Pressioni internazionali e ruolo degli Stati Uniti
La dichiarazione assume un peso specifico alla luce dell’imminente visita del primo ministro israeliano Benjamin Netanyahu a Washington, prevista per lunedì, dove il presidente Donald Trump sta esercitando pressioni per porre fine al conflitto.
La guerra, scatenata dall’attacco senza precedenti di Hamas in territorio israeliano il 7 ottobre 2023, ha visto una devastante offensiva israeliana con l’obiettivo dichiarato di annientare il gruppo militante e ottenere la liberazione di tutti gli ostaggi.
Precedenti tregue e nuovo piano
Finora, due precedenti tregue, mediate da Qatar, Egitto e Stati Uniti, avevano portato a sospensioni temporanee dei combattimenti e allo scambio di ostaggi israeliani con prigionieri palestinesi.
“Il movimento sta conducendo consultazioni con i leader delle forze e delle fazioni palestinesi riguardo alla proposta ricevuta… dai mediatori”, ha affermato Hamas in una nota ufficiale.
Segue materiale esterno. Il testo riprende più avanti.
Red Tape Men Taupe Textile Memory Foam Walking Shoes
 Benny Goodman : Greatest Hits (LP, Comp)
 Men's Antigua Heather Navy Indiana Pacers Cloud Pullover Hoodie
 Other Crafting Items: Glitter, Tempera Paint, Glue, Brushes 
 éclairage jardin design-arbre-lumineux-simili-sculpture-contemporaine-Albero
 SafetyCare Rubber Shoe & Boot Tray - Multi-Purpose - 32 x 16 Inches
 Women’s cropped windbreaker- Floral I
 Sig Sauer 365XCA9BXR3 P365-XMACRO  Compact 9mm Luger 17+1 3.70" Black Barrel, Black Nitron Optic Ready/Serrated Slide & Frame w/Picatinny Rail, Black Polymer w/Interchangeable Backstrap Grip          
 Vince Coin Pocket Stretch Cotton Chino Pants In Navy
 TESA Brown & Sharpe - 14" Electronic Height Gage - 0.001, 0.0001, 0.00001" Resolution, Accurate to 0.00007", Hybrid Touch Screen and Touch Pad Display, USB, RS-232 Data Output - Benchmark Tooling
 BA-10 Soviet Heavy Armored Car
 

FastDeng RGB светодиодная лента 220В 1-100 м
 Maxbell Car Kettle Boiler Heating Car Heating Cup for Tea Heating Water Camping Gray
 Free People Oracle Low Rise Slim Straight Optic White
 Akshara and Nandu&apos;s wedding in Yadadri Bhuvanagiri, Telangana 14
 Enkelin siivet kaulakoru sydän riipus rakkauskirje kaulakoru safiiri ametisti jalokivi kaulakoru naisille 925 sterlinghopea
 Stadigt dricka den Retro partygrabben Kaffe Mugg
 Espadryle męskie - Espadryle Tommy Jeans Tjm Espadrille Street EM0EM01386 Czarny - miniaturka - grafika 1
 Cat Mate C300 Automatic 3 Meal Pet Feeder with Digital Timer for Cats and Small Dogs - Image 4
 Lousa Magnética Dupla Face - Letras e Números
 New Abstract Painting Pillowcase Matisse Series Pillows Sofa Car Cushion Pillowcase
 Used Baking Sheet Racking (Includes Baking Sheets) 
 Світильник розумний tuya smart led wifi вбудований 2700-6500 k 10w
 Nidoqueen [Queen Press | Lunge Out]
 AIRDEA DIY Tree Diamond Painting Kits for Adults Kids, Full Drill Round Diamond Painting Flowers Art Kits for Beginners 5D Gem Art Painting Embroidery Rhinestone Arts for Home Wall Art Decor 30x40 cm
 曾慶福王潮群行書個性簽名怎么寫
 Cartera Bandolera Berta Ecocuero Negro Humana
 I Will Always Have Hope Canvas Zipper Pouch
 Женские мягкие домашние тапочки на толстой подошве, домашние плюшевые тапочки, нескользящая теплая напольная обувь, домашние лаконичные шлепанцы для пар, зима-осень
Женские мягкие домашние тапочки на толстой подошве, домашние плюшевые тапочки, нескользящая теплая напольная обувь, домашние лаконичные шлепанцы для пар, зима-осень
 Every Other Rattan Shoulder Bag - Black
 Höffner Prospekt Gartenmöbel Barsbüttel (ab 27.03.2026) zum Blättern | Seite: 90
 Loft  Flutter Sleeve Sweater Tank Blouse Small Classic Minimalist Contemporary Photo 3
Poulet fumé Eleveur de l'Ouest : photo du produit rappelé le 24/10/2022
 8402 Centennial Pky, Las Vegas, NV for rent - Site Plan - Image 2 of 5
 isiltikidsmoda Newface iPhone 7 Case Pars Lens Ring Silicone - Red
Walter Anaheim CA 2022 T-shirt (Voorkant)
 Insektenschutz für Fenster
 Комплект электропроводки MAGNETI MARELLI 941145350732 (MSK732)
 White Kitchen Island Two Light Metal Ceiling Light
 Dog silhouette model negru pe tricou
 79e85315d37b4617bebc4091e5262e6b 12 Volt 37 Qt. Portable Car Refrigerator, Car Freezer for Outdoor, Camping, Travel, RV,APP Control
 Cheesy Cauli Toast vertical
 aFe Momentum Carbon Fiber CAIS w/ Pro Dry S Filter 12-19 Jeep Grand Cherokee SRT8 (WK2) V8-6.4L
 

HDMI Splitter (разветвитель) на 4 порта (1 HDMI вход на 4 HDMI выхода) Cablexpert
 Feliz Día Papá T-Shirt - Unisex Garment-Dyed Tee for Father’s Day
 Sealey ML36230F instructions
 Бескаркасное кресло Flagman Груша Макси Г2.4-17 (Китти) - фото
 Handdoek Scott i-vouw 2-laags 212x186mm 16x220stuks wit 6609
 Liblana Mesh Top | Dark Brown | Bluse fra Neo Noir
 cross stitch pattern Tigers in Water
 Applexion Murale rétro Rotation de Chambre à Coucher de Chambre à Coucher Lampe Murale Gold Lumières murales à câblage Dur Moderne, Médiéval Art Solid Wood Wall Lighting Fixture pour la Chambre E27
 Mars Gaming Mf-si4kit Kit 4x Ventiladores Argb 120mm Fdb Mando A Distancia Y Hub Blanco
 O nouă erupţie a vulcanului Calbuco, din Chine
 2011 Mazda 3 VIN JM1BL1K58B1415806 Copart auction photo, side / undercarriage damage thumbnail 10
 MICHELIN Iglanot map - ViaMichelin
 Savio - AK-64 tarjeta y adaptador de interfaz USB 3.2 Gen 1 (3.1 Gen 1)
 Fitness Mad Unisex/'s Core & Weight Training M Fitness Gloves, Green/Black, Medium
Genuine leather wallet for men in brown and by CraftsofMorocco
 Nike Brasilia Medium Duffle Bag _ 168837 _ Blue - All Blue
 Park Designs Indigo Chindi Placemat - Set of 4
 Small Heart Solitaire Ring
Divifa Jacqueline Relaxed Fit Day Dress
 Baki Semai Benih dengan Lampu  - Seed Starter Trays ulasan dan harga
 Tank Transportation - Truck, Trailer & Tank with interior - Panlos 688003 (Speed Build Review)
Le posizioni di Netanyahu e Trump
Poche ore prima, sottoposto a una fortissima pressione interna sulla sorte dei rapiti, era stato lo stesso Netanyahu a ribadire il suo “profondo impegno, prima di tutto, per garantire il ritorno di tutti i nostri rapiti, di tutti loro”.
Sul fronte americano, il presidente Trump aveva espresso giovedì il desiderio di sicurezza per il popolo di Gaza, aggiungendo che “hanno attraversato l’inferno“.
Contenuti della nuova proposta
Secondo una fonte palestinese vicina ai negoziati, la nuova proposta non si discosterebbe in modo sostanziale dai termini già presentati in passato dagli Stati Uniti. L’offerta, secondo quanto riferito, prevederebbe una tregua di 60 giorni durante i quali Hamas dovrebbe rilasciare la metà dei prigionieri israeliani ancora in vita a Gaza, stimati in 22, in cambio della liberazione da parte di Israele di un numero non specificato di detenuti palestinesi.
Dei 251 ostaggi catturati durante l’attacco del 7 ottobre, 49 restano ancora nella Striscia, e tra questi l’esercito israeliano ritiene che 27 siano morti.
Situazione militare e umanitaria
Nel frattempo, le operazioni militari non si fermano. L’esercito israeliano ha confermato di aver colpito obiettivi sospetti di Hamas in tutto il territorio, da Gaza City a nord fino a Khan Yunis e Rafah nel sud, dove le operazioni si sono recentemente intensificate.
Dopo quasi 21 mesi di guerra, la situazione umanitaria per gli oltre due milioni di abitanti della Striscia di Gaza resta disastrosa.